BOSTON – State Treasurer Timothy Cahill supports a new investment strategy for the state’s faltering $28 billion pension fund that calls for up to 5 percent of assets to be invested in hedge funds. A proposal developed over several months by Cahill and a seven- member investment committee will be put before the Pension Reserves Investment Management (PRIM) Board for a vote.

The pension fund has shed nearly $7 billion in assets since the recession began. More than 250,000 public employees depend on its assets and state appropriations to pay their retirement benefits.

The proposal calls for investing less in domestic equities and investing more in real estate, venture capital and the timber industry, Karen Sharma, a spokeswoman for Cahill, said. Nearly 40 percent of the fund’s assets are currently invested in domestic stocks. Cahill’s goal is to reduce investment risks and better control the volatility of the fund.

“The treasurer wants the board to be just a little more conservative, by and large because the times are so different now with the market,” Sharma said. Investing in hedge funds would be something new for the state pension fund.

The international nonprofit Hedge Fund Association estimates that the $400 billion to $500 billion industry is growing at a rate of 20 percent per year, with 7,000 active hedge funds.
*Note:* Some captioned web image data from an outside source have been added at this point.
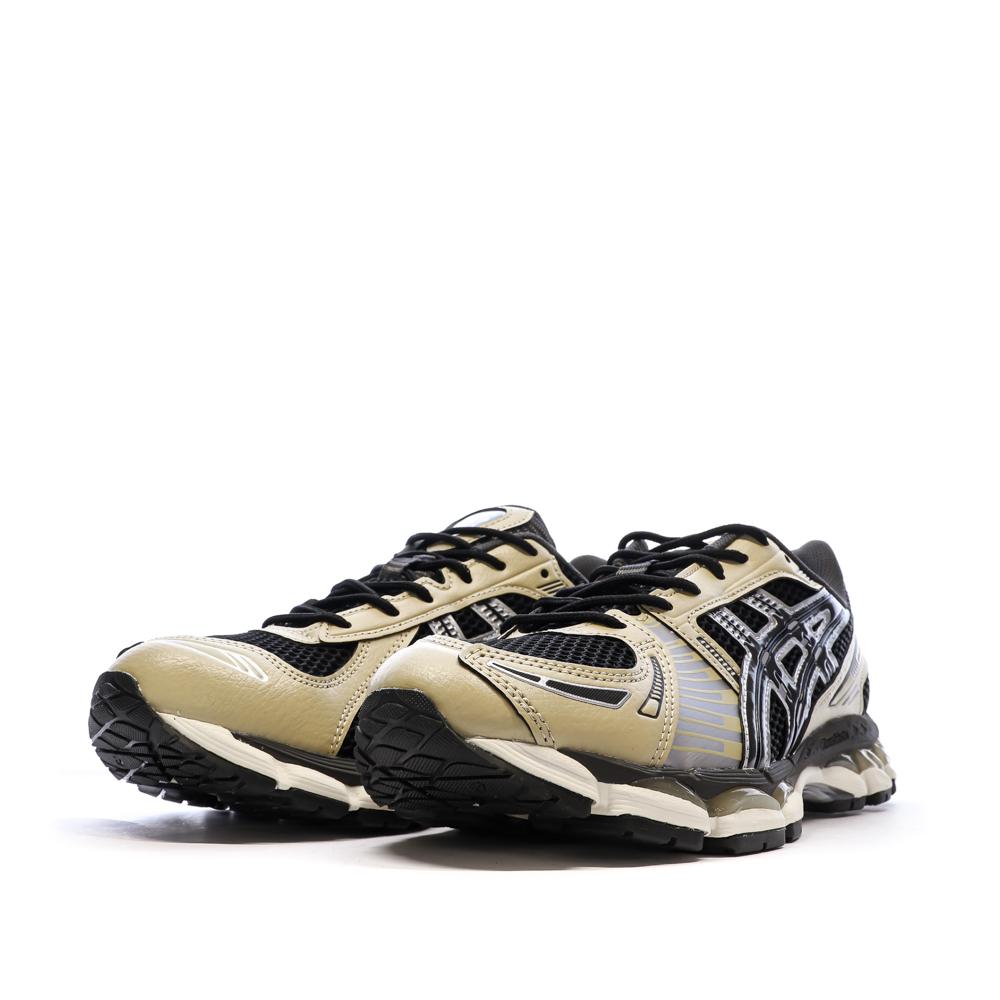 Zapatillas deportivas negras/doradas para hombre Asics Gel-Kayano 12.1 ver 6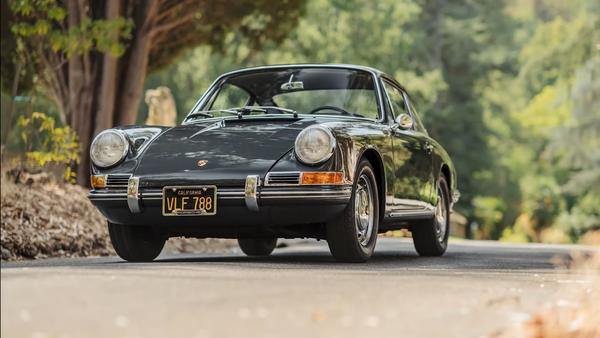 Porsche 912 'Gray Fox'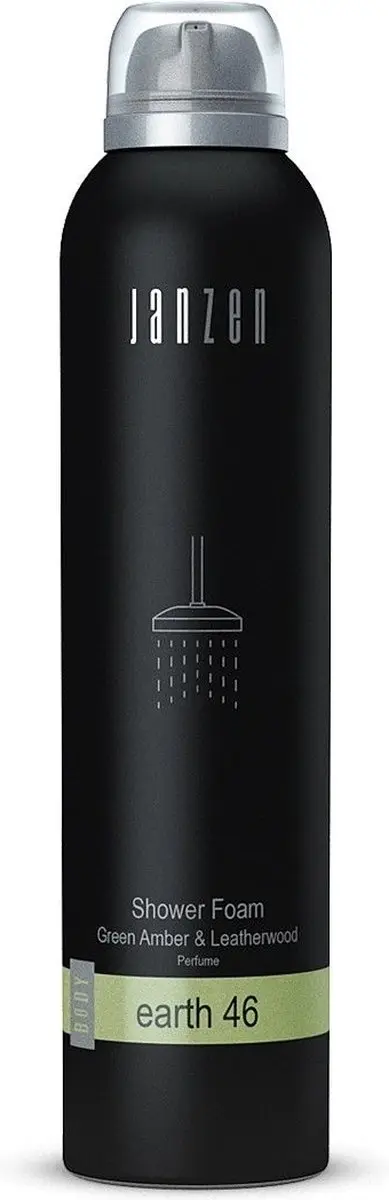 Janzen Shower Foam Earth 46 200ml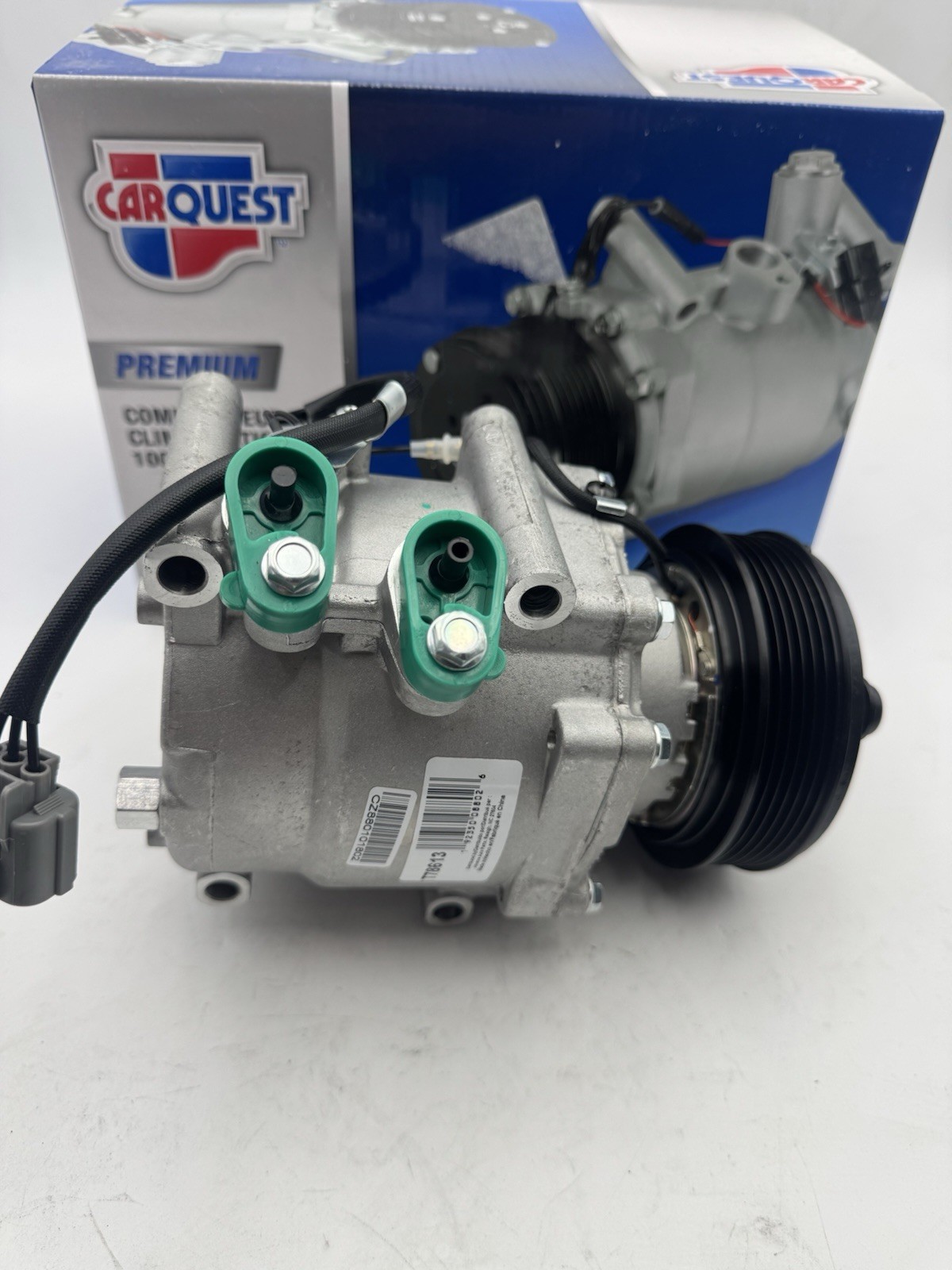 A/C Compressor & Clutch 2001-2005 Honda Civic 1.7L Acura EL Prelude T78613 A/C Compressor & Clutch 2001-2005 Honda Civic 1.7L Acura EL Prelude T78613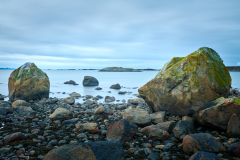 Hjertvika - Fjøresteiner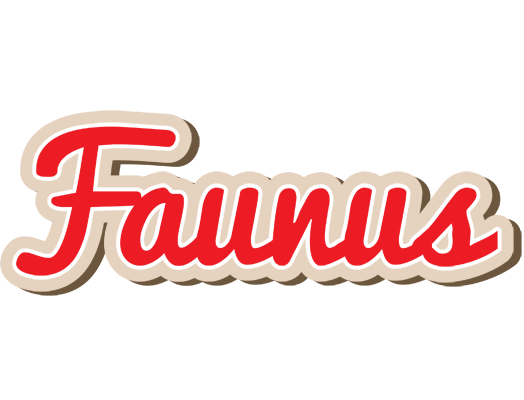 Faunus chocolate logo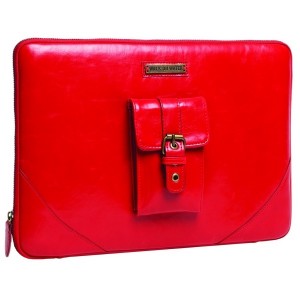 WonW Casablanca Sleeve Tablet Bag 13 "universal red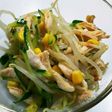 餃子のタレでささみときゅうりの中華サラダ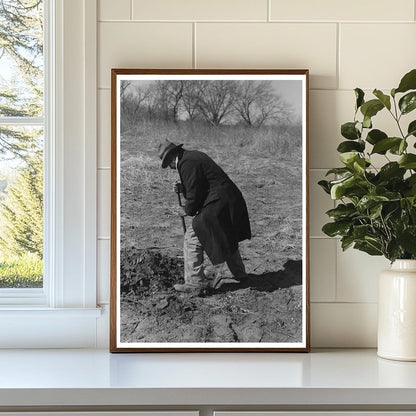 Pomp Hall Assessing Soil Moisture Oklahoma 1940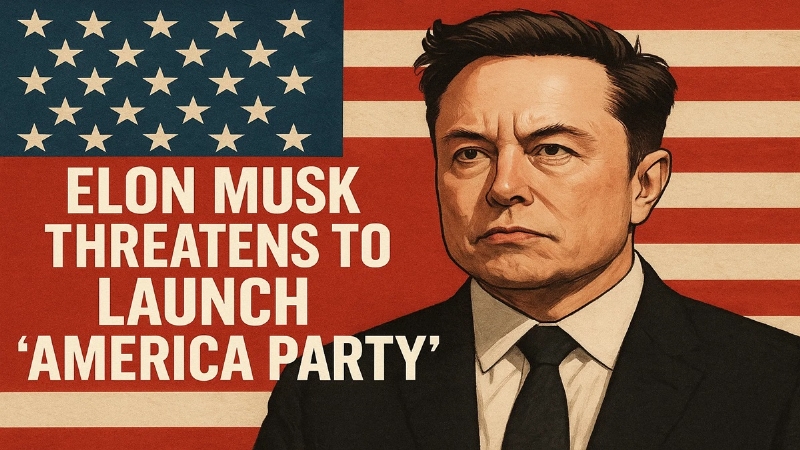 Elon Musk threatens to launch 'America Party' amid rift with Trump: Can a third force shake US polit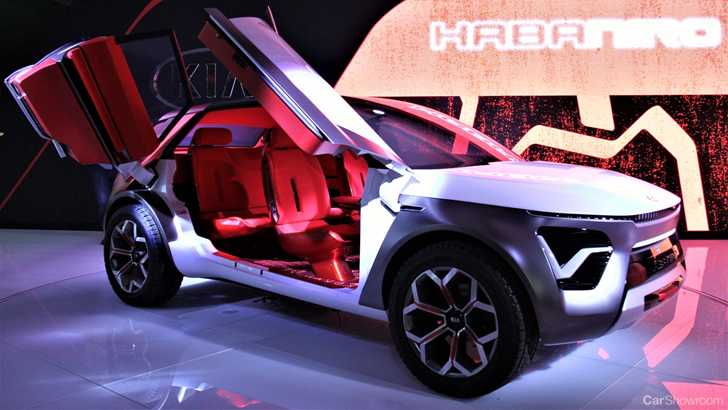 Kia’s HabaNiro Concept Could Be Evidence Of Insanity – Gallery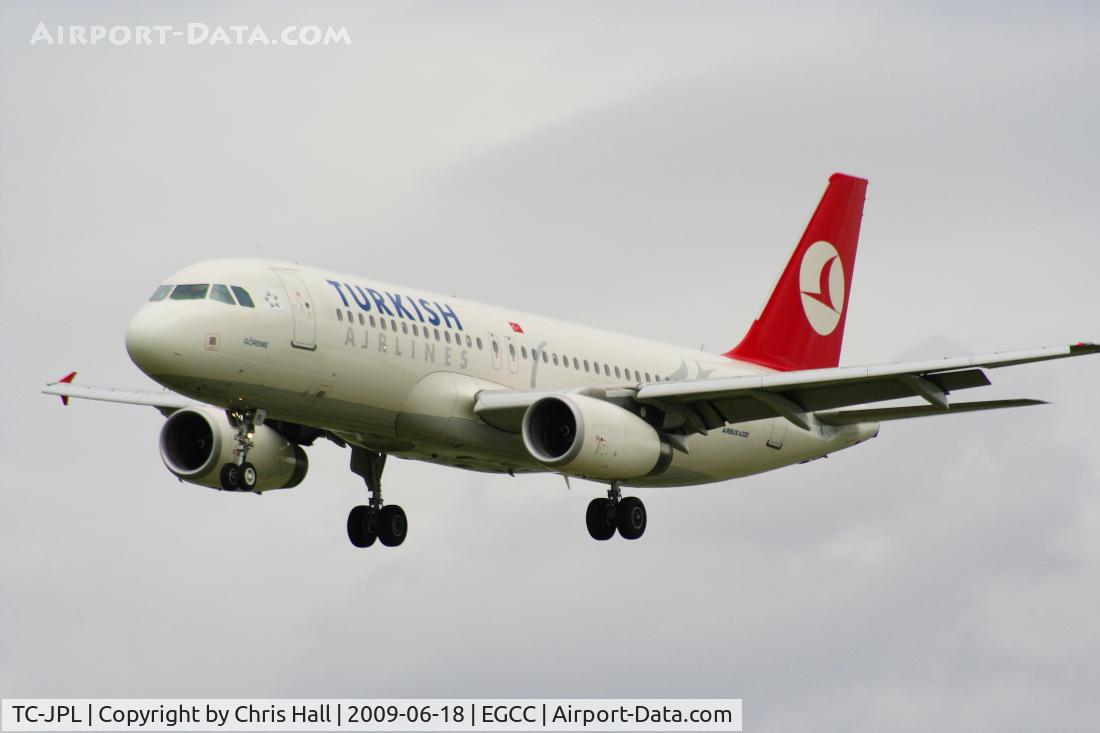 TC-JPL, 2007 Airbus A320-232 C/N 3303, Turkish Airlines Airbus A-320-232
Hedge funds often feature strategies based on hedging against market downturns. The association says a popular misconception about hedge funds is that they are volatile, but only 5 percent of hedge funds fall into the more risky category of global macro funds. The funds, by their design, also often face less government regulation. Based on board records, fund assets are invested as follows: domestic equity, 39.6 percent; international equity, 15.9 percent; fixed income, 23.4 percent; real estate, 6 percent; alternative investments, 6 percent; emerging markets, 3.5 percent; high-yield debt, 3.5 percent; and timber, 2.1 percent.

Over the past five years, domestic stock investments have lost 1.25 percent, international equities have dropped by 1 percent and investments in emerging markets have taken a 4.4 percent hit, records show. During the same period, fixed-income securities generated an 8 percent return, alternative investments gained 6 percent and real estate investments produced a 10 percent return.